Keynes was a really important economist whose theory was based upon the belief that people would spend money within their local area. Spending that money would automatically create more demand for goods and services. This would work through the economy – being spent and creating more demand for goods – creating jobs which would in turn create more demand for goods. The pound originally spent on their wages would create more demand for more goods and services, which in turn would create more demand for goods and services (this is called the ‘multiplier effect’).
What is clear from all the practical applications of this theory is that it depends on the specificity of both who has the money in the first place and where it is spent as to whether it really multiplies demand over and over again in the local economy.

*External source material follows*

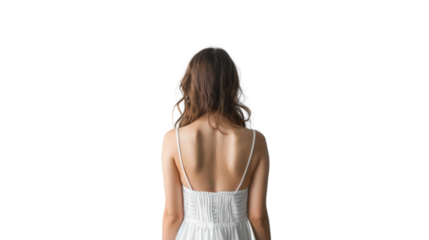 Young woman standing back view on transparent background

So, for example, imagine that you are a government that wants to stimulate a national economy. You wouldn’t want to reduce tax for people earning over £100,000 a year because it is more than likely that they might spend the money on a foreign holiday; or buy luxury goods from abroad. This causes the money not to multiply demand within the local economy since it disappears from its work of driving more demand within the nation. (Oops! I realise that this is what our government have done with their tax cut from April 2013 from 50p to 45p for the richest tax payers. This money would be much more likely to work for the British economy if you gave it to the poorest).
Overall this is called putting a ‘stimulus’ into the economy – and whilst the current government might deny the intention – two weeks ago, when they developed a policy of not charging motorists the rise in fuel duty from August, it was an attempt to provide a stimulus to the economy.
The government is quietly beginning the implementation of the plan ‘B’ that it claims not to have. They are providing a stimulus to the economy at the same time as they are trying to take money out through public expenditure cuts. It’s more than likely that the £500 million fuel tax stimulus will be cancelled out by the few billion taken in the same year off of public sector workers by cutting their jobs. But that is expecting too much consistency.
There is a very serious point here about stimulus packages. They only work if the people who get the money, spend it. If, horror of horrors, all they do is pay off some of their debt, then it develops a much weaker, if any, stimulus for demand in the economy.
This is where it gets tricky for the current government. They are clear that it is essential for them to pay off a lot of their public debt before they can move forward and spend again. They talk about how dangerous it is for the government to live with a pile of debt.
But the last thing they want the public to do when they have some money is to pay off their private debt. They desperately want the public to be feckless and spend like there’s no tomorrow – because it is that spend that creates demand and helps the economy.
However if the people learn from the behaviour of the government they will look at the pounds they get from the fuel tax delay and immediately use it to pay off their credit card debt. In following the government’s lead for plan A they undermine the impact of its policy on plan B.
The problem for the Government is that they have spent 2 years frightening the public about the economic future. When people are frightened they don’t spend as much as when they are at ease – which is one of the main explanations as to why the economy continues to contract.
‘Hard working families’ have heard the message from the Government. 2012 is not the time to spend. Meaning 2013 will produce a still smaller economy.
At the moment it looks optimistic to believe that the size of our economy will return to 2008 levels by 2015.
The reason is beyond economics. It is fear.